**Exercise goal**
Could you transcribe the whole listing, keeping every line exactly the same?

**Study material**
▼

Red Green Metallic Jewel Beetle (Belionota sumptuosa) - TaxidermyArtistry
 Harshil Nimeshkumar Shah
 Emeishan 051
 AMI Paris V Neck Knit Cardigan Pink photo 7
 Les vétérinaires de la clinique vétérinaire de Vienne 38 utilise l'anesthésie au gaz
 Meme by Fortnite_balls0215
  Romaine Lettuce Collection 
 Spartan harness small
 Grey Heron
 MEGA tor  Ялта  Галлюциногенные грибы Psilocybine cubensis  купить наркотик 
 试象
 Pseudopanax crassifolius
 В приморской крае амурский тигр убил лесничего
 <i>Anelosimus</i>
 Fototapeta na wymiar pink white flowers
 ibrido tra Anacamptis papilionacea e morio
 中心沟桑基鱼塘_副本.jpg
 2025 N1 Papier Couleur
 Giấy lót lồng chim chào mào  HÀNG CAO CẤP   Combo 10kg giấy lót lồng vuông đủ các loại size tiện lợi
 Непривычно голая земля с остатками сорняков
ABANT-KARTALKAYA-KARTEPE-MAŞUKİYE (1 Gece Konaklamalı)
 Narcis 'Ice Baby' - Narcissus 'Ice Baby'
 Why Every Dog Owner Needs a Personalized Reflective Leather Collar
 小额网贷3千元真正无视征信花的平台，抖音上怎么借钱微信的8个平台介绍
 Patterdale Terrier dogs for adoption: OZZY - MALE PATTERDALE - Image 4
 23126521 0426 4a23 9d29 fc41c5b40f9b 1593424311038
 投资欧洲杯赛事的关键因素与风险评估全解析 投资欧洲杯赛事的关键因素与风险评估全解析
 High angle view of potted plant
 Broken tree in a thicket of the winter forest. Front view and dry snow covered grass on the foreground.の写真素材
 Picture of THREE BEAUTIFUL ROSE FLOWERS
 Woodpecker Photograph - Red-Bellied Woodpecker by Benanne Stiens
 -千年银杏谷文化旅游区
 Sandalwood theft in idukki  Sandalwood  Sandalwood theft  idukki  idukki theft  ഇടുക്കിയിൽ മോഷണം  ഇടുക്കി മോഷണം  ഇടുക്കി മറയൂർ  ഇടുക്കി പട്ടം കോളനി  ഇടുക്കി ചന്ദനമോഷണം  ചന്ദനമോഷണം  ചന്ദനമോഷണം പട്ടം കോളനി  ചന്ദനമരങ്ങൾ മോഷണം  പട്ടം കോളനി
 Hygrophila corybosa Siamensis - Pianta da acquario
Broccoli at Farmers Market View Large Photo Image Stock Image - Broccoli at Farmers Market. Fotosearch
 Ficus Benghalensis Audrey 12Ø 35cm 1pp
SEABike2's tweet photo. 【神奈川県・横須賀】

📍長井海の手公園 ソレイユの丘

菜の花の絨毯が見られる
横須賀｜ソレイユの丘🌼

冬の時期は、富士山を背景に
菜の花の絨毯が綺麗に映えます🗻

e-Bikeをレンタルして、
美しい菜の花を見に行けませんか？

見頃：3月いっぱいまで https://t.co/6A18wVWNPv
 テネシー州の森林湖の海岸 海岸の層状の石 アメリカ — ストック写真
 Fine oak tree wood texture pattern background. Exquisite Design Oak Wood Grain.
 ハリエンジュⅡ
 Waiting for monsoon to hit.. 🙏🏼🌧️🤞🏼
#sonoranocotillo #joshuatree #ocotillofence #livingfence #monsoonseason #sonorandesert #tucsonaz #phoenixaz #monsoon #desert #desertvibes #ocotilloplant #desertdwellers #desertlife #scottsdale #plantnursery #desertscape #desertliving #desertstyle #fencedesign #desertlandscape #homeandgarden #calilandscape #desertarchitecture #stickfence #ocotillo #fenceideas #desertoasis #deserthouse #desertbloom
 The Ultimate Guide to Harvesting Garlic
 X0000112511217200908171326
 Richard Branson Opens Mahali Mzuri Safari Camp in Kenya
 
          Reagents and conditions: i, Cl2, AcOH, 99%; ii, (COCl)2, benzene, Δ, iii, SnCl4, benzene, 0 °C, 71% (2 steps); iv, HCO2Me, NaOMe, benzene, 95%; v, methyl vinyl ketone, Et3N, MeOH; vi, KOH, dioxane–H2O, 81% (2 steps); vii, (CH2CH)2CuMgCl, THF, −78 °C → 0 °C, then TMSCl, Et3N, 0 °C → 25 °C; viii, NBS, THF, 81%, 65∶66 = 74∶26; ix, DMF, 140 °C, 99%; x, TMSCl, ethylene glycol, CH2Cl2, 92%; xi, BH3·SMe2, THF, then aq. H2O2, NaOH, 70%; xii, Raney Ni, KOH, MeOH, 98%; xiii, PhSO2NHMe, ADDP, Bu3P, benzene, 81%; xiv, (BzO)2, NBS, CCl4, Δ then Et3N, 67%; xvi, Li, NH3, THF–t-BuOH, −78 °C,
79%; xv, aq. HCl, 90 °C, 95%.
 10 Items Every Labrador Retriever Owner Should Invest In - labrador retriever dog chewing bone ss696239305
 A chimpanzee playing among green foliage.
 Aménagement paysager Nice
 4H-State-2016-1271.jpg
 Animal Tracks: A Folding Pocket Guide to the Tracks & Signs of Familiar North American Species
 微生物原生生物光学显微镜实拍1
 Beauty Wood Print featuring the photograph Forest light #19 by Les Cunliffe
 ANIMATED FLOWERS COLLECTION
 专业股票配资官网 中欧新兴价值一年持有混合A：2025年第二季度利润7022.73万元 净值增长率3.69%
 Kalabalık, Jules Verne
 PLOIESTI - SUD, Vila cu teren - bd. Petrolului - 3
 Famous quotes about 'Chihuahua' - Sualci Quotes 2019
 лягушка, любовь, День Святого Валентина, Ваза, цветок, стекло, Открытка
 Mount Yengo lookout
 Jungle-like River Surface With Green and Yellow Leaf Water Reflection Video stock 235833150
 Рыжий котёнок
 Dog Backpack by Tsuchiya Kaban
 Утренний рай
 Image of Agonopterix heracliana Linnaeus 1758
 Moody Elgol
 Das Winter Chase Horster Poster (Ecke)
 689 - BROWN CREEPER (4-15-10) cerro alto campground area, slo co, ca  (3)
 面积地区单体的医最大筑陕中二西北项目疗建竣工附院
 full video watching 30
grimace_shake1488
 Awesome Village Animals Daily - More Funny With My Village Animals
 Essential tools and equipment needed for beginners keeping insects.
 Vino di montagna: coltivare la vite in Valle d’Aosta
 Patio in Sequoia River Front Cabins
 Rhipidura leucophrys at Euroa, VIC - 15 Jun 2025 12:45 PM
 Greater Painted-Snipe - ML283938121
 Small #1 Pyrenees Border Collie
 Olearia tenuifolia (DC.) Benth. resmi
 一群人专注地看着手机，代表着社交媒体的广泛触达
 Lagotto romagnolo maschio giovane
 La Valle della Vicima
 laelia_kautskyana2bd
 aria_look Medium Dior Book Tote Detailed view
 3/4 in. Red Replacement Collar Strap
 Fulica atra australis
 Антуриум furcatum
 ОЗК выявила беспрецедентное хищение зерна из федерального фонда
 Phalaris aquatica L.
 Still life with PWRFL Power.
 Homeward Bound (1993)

▲

**Exercise solution**
Red Green Metallic Jewel Beetle (Belionota sumptuosa) - TaxidermyArtistry
 Harshil Nimeshkumar Shah
 Emeishan 051
 AMI Paris V Neck Knit Cardigan Pink photo 7
 Les vétérinaires de la clinique vétérinaire de Vienne 38 utilise l'anesthésie au gaz
 Meme by Fortnite_balls0215
  Romaine Lettuce Collection 
 Spartan harness small
 Grey Heron
 MEGA tor  Ялта  Галлюциногенные грибы Psilocybine cubensis  купить наркотик 
 试象
 Pseudopanax crassifolius
 В приморской крае амурский тигр убил лесничего
 <i>Anelosimus</i>
 Fototapeta na wymiar pink white flowers
 ibrido tra Anacamptis papilionacea e morio
 中心沟桑基鱼塘_副本.jpg
 2025 N1 Papier Couleur
 Giấy lót lồng chim chào mào  HÀNG CAO CẤP   Combo 10kg giấy lót lồng vuông đủ các loại size tiện lợi
 Непривычно голая земля с остатками сорняков
ABANT-KARTALKAYA-KARTEPE-MAŞUKİYE (1 Gece Konaklamalı)
 Narcis 'Ice Baby' - Narcissus 'Ice Baby'
 Why Every Dog Owner Needs a Personalized Reflective Leather Collar
 小额网贷3千元真正无视征信花的平台，抖音上怎么借钱微信的8个平台介绍
 Patterdale Terrier dogs for adoption: OZZY - MALE PATTERDALE - Image 4
 23126521 0426 4a23 9d29 fc41c5b40f9b 1593424311038
 投资欧洲杯赛事的关键因素与风险评估全解析 投资欧洲杯赛事的关键因素与风险评估全解析
 High angle view of potted plant
 Broken tree in a thicket of the winter forest. Front view and dry snow covered grass on the foreground.の写真素材
 Picture of THREE BEAUTIFUL ROSE FLOWERS
 Woodpecker Photograph - Red-Bellied Woodpecker by Benanne Stiens
 -千年银杏谷文化旅游区
 Sandalwood theft in idukki  Sandalwood  Sandalwood theft  idukki  idukki theft  ഇടുക്കിയിൽ മോഷണം  ഇടുക്കി മോഷണം  ഇടുക്കി മറയൂർ  ഇടുക്കി പട്ടം കോളനി  ഇടുക്കി ചന്ദനമോഷണം  ചന്ദനമോഷണം  ചന്ദനമോഷണം പട്ടം കോളനി  ചന്ദനമരങ്ങൾ മോഷണം  പട്ടം കോളനി
 Hygrophila corybosa Siamensis - Pianta da acquario
Broccoli at Farmers Market View Large Photo Image Stock Image - Broccoli at Farmers Market. Fotosearch
 Ficus Benghalensis Audrey 12Ø 35cm 1pp
SEABike2's tweet photo. 【神奈川県・横須賀】

📍長井海の手公園 ソレイユの丘

菜の花の絨毯が見られる
横須賀｜ソレイユの丘🌼

冬の時期は、富士山を背景に
菜の花の絨毯が綺麗に映えます🗻

e-Bikeをレンタルして、
美しい菜の花を見に行けませんか？

見頃：3月いっぱいまで https://t.co/6A18wVWNPv
 テネシー州の森林湖の海岸 海岸の層状の石 アメリカ — ストック写真
 Fine oak tree wood texture pattern background. Exquisite Design Oak Wood Grain.
 ハリエンジュⅡ
 Waiting for monsoon to hit.. 🙏🏼🌧️🤞🏼
#sonoranocotillo #joshuatree #ocotillofence #livingfence #monsoonseason #sonorandesert #tucsonaz #phoenixaz #monsoon #desert #desertvibes #ocotilloplant #desertdwellers #desertlife #scottsdale #plantnursery #desertscape #desertliving #desertstyle #fencedesign #desertlandscape #homeandgarden #calilandscape #desertarchitecture #stickfence #ocotillo #fenceideas #desertoasis #deserthouse #desertbloom
 The Ultimate Guide to Harvesting Garlic
 X0000112511217200908171326
 Richard Branson Opens Mahali Mzuri Safari Camp in Kenya
 
          Reagents and conditions: i, Cl2, AcOH, 99%; ii, (COCl)2, benzene, Δ, iii, SnCl4, benzene, 0 °C, 71% (2 steps); iv, HCO2Me, NaOMe, benzene, 95%; v, methyl vinyl ketone, Et3N, MeOH; vi, KOH, dioxane–H2O, 81% (2 steps); vii, (CH2CH)2CuMgCl, THF, −78 °C → 0 °C, then TMSCl, Et3N, 0 °C → 25 °C; viii, NBS, THF, 81%, 65∶66 = 74∶26; ix, DMF, 140 °C, 99%; x, TMSCl, ethylene glycol, CH2Cl2, 92%; xi, BH3·SMe2, THF, then aq. H2O2, NaOH, 70%; xii, Raney Ni, KOH, MeOH, 98%; xiii, PhSO2NHMe, ADDP, Bu3P, benzene, 81%; xiv, (BzO)2, NBS, CCl4, Δ then Et3N, 67%; xvi, Li, NH3, THF–t-BuOH, −78 °C,
79%; xv, aq. HCl, 90 °C, 95%.
 10 Items Every Labrador Retriever Owner Should Invest In - labrador retriever dog chewing bone ss696239305
 A chimpanzee playing among green foliage.
 Aménagement paysager Nice
 4H-State-2016-1271.jpg
 Animal Tracks: A Folding Pocket Guide to the Tracks & Signs of Familiar North American Species
 微生物原生生物光学显微镜实拍1
 Beauty Wood Print featuring the photograph Forest light #19 by Les Cunliffe
 ANIMATED FLOWERS COLLECTION
 专业股票配资官网 中欧新兴价值一年持有混合A：2025年第二季度利润7022.73万元 净值增长率3.69%
 Kalabalık, Jules Verne
 PLOIESTI - SUD, Vila cu teren - bd. Petrolului - 3
 Famous quotes about 'Chihuahua' - Sualci Quotes 2019
 лягушка, любовь, День Святого Валентина, Ваза, цветок, стекло, Открытка
 Mount Yengo lookout
 Jungle-like River Surface With Green and Yellow Leaf Water Reflection Video stock 235833150
 Рыжий котёнок
 Dog Backpack by Tsuchiya Kaban
 Утренний рай
 Image of Agonopterix heracliana Linnaeus 1758
 Moody Elgol
 Das Winter Chase Horster Poster (Ecke)
 689 - BROWN CREEPER (4-15-10) cerro alto campground area, slo co, ca  (3)
 面积地区单体的医最大筑陕中二西北项目疗建竣工附院
 full video watching 30
grimace_shake1488
 Awesome Village Animals Daily - More Funny With My Village Animals
 Essential tools and equipment needed for beginners keeping insects.
 Vino di montagna: coltivare la vite in Valle d’Aosta
 Patio in Sequoia River Front Cabins
 Rhipidura leucophrys at Euroa, VIC - 15 Jun 2025 12:45 PM
 Greater Painted-Snipe - ML283938121
 Small #1 Pyrenees Border Collie
 Olearia tenuifolia (DC.) Benth. resmi
 一群人专注地看着手机，代表着社交媒体的广泛触达
 Lagotto romagnolo maschio giovane
 La Valle della Vicima
 laelia_kautskyana2bd
 aria_look Medium Dior Book Tote Detailed view
 3/4 in. Red Replacement Collar Strap
 Fulica atra australis
 Антуриум furcatum
 ОЗК выявила беспрецедентное хищение зерна из федерального фонда
 Phalaris aquatica L.
 Still life with PWRFL Power.
 Homeward Bound (1993)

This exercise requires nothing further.